Timing the Economic Recovery – When is it Going to Happen?

 

The short answer is that it is impossible to accurately predict when the economic recovery is going to come.

 

Share markets typically bottom about six months before the economic cycle. Thus, if economic growth is going to bottom and start turning higher from later this year then it would be consistent with shares having bottomed during the first half of this year. Alternatively, if the recovery is going to be another 12 months or so away then the risk of a new low in shares is much greater. Economic data relating to current or recent past economic conditions remain poor. US retail sales data indicates that US consumers are still cutting back, gross domestic product (GDP) has fallen at an alarming rate and unemployment is still rising everywhere.

 

However there are a range of considerations that provide some confidence that an upturn in the economic cycle is moving into sight for later this year.
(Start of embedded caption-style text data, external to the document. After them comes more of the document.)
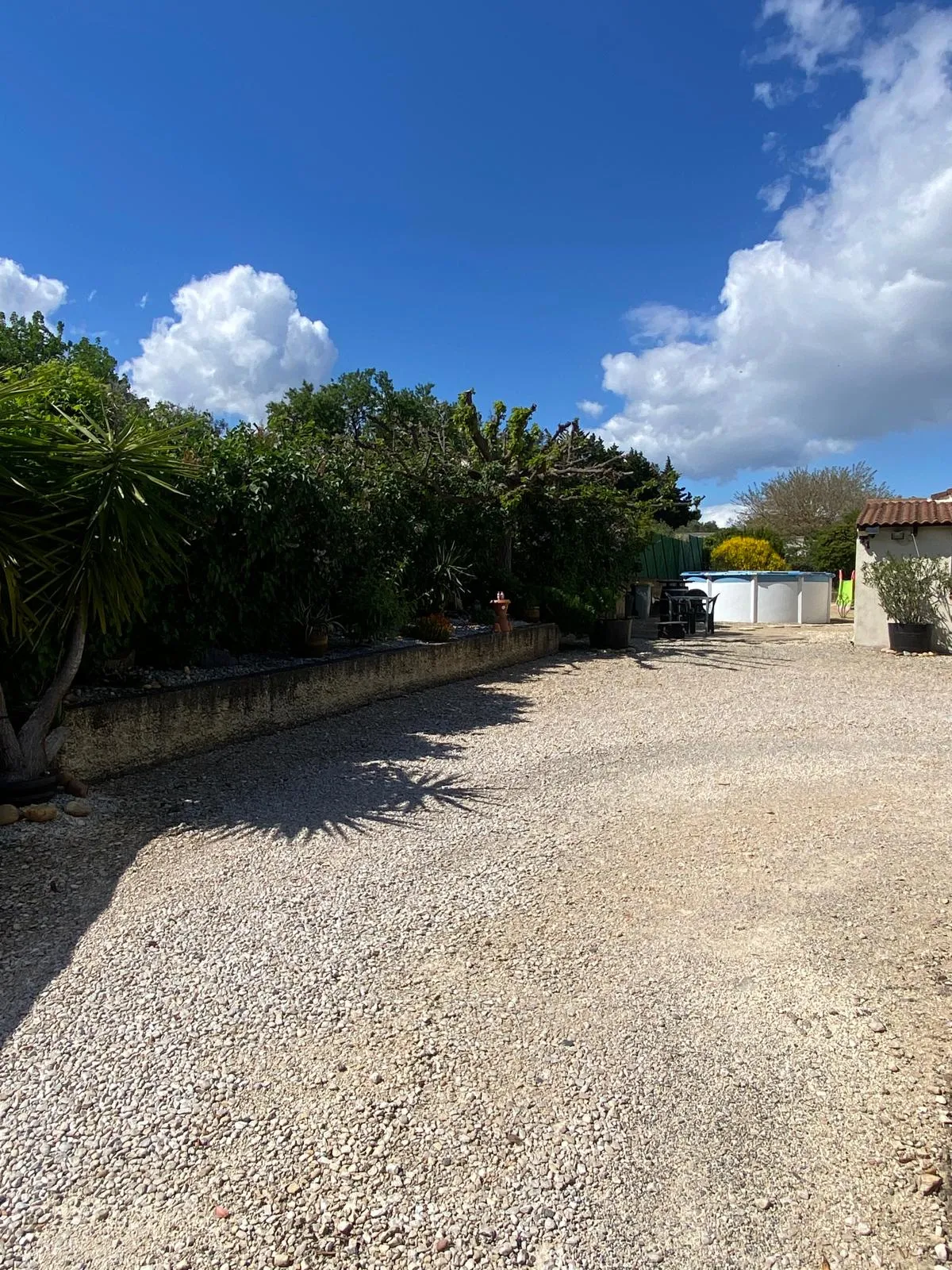 Vente Villa 90 m² à Vénéjan avec Jardin de 1190 m² 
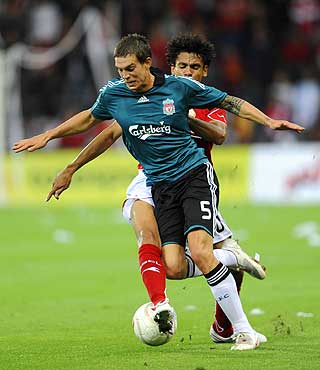 ENDELIG TILBAKE: Daniel Agger mistet hele fjor�rssesongen, men n� er dansken p� plass igjen i de bakre rekker hos Liverpool.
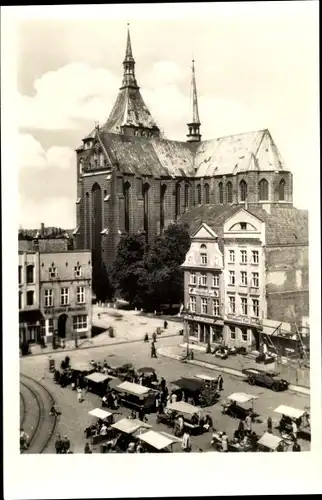 Ak Hansestadt Rostock, Markt mit Marienkirche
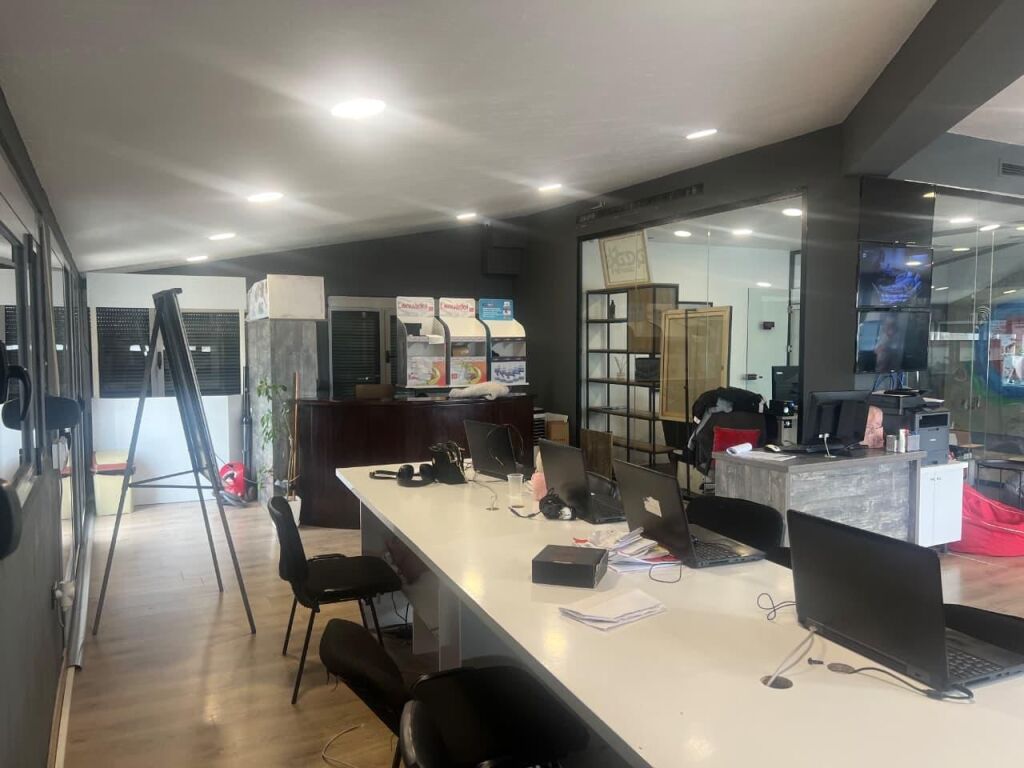 🏢✨ Jepet me Qira Ambient Zyrash – Ish Tregu Elektrik, Tiranë ✨🏢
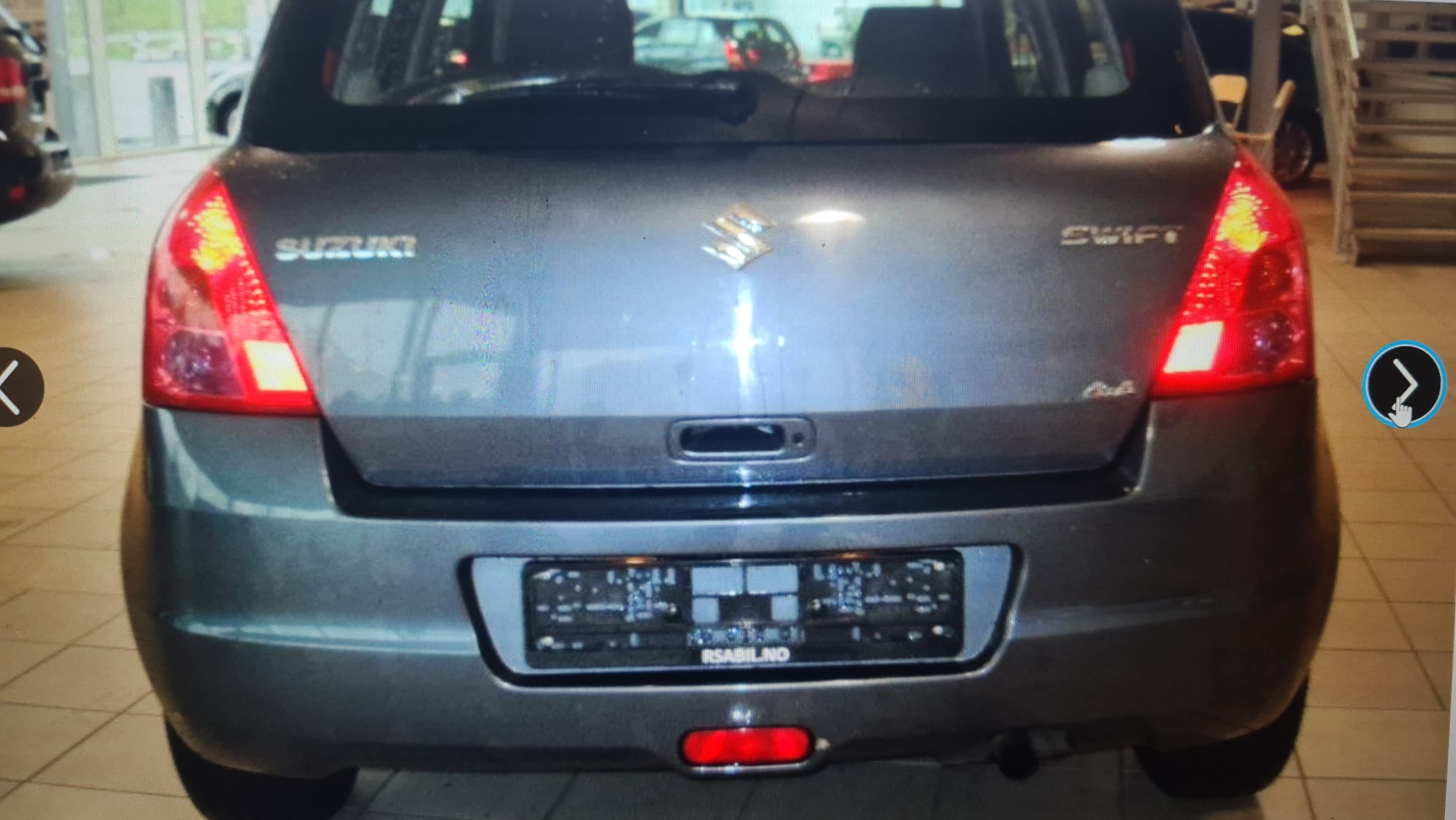Suzuki Swift 4 x 4 with Four-wheel drive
  • Governments worldwide have provided massive stimulus in the form of fiscal and monetary policy, and assistance for banks. They have also resisted the temptation to put up trade barriers. This is the opposite of what happened in the 1930’s, making comparisons to the Great Depression increasingly meaningless.
  • There is increased evidence that recent stimulus has gained traction in financial markets. Interbank lending rates have fallen to record lows, investment grade bond yields have fallen by 2% or more from last year’s highs and US junk bond yields have fallen from a peak of around 23% down to around 14%. Though credit markets remain very difficult, they are moving in the right direction.
  • Forward looking economic indicators are showing improvement – consumer confidence in most countries is trending higher; business confidence in most countries appears to be improving; US home sales and business conditions for home builders seem to be bottoming; the Organisation for Economic Cooperation and Development’s (OECD) global leading economic indicator appears to have lost downward momentum, with a rapid improvement in its 3-month rate of change. 
While none of these indicators are confirming a recover from later this year, improvements do suggest a recovery is on track.

 

Implications for Share Markets

 

We are still in recession and aftershocks from the financial crisis will be felt for a while yet. As such, periodic corrections and bouts of volatility are to be expected in share markets until the recovery actually arrives. In fact, the historical record in the US indicates that after a 37% rally (as we have seen since the March low to the recent high) there is a 70% chance of a 10% correction in the following 6 months. Capital raisings, further bank losses and rising unemployment generally have the potential to add to this likely volatility.